We cannot ascertain that any living examples of the Kob have been received by the Zoological Society subsequently to that obtained in 1836 as already mentioned; but a female, which was formerly living in the Zoological Garden of Amsterdam, is now in the gallery of the Leyden Museum, and in August 1895 Sclater saw a fine male of this species in the Jardin des Plantes at Paris (see P. Z. S. 1895, p. 688) and another male in the private collection of the late Mr. Sharland at Tours. These two animals, we have been informed, were imported together from West Africa.
From Senegal and the Gambia the Kob extends through the interior of West Africa to Togoland, where it has been obtained by the German collectors inland from Bismarckburg and far into the Niger territory. As regards the latter locality, Sclater has examined a pair of horns of the Kob obtained by Capt. A. F. Mockler-Ferryman at Ibi, on the Benué, in the autumn of 1889, when he was travelling with Major Claude Macdonald’s expedition up that river; and Capt. Mockler-Ferryman has kindly supplied us with the following note on them:—“The Antelopes, from a male of which this pair of horns were taken, were fairly plentiful everywhere in the open park-like country of the Benué, and, so far as I can remember, were exactly similar in habits to Vardon’s Antelope, as described by Selous. These horns measure 17½ inches in length along the curve. The females of this Antelope had no horns.”

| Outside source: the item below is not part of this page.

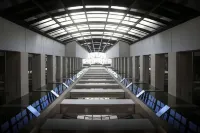 Ramada by Wyndham Buenos Aires Centro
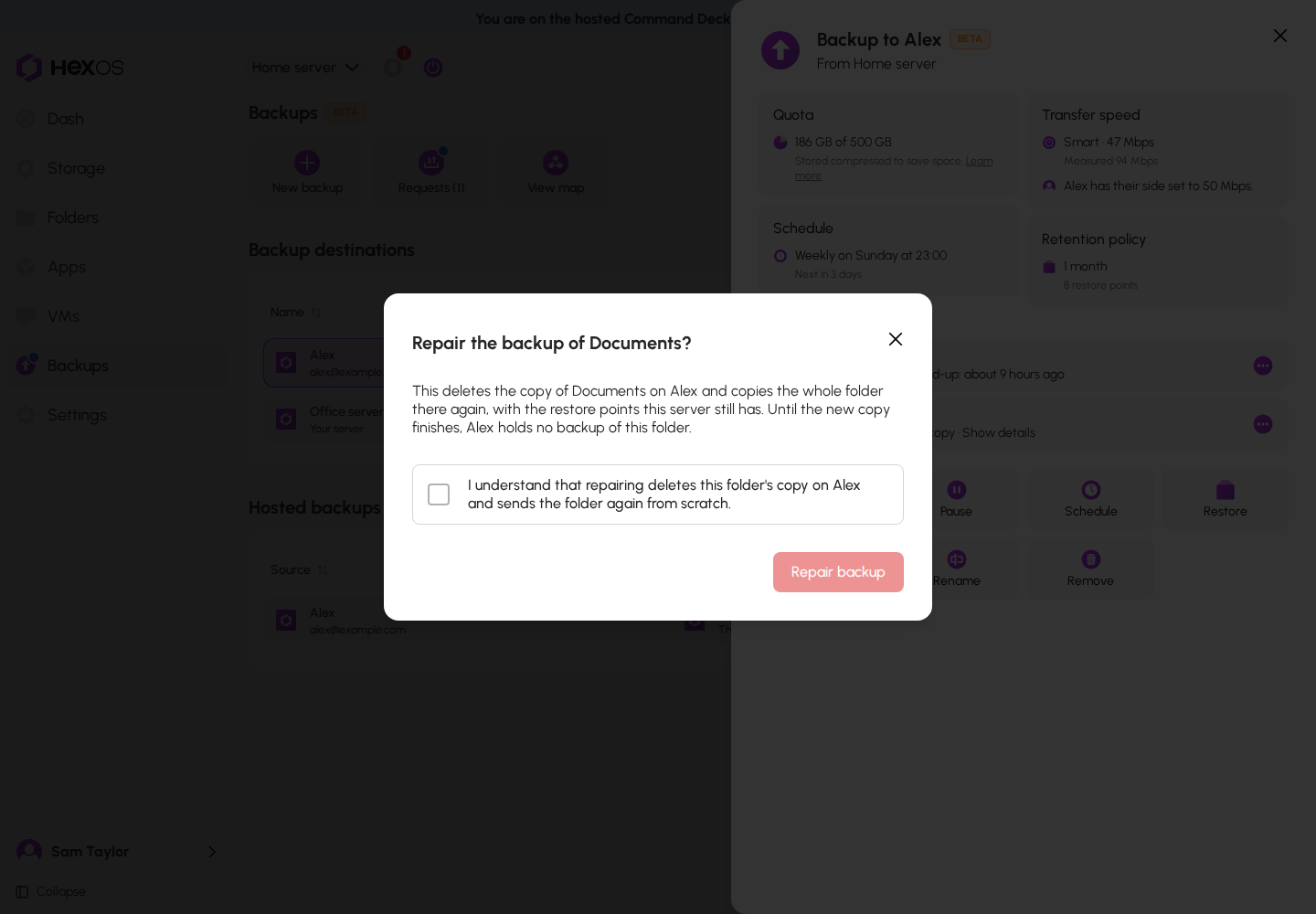 repair-backup-dialog.png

In 1895 Capt. Lugard during his expedition to Bornu obtained a skin and two skulls of this Antelope at Lukoja on the Niger, and presented them to the British Museum. It was the examination of Capt. Lugard’s specimens that first convinced Thomas that the Uganda Kob (subsequently named Cobus thomasi) belongs to a different species. The specimens previously in the National Collection (a male and female from the Gambia, collected by Whitfield) were both immature, and consequently of little use for accurate comparison.
Our figure of Buffon’s Kob (Plate XL.) was lithographed for Sir Victor Brooke by Smit from a coloured drawing by Wolf, but we have not been able to ascertain from what specimen the drawing was originally taken.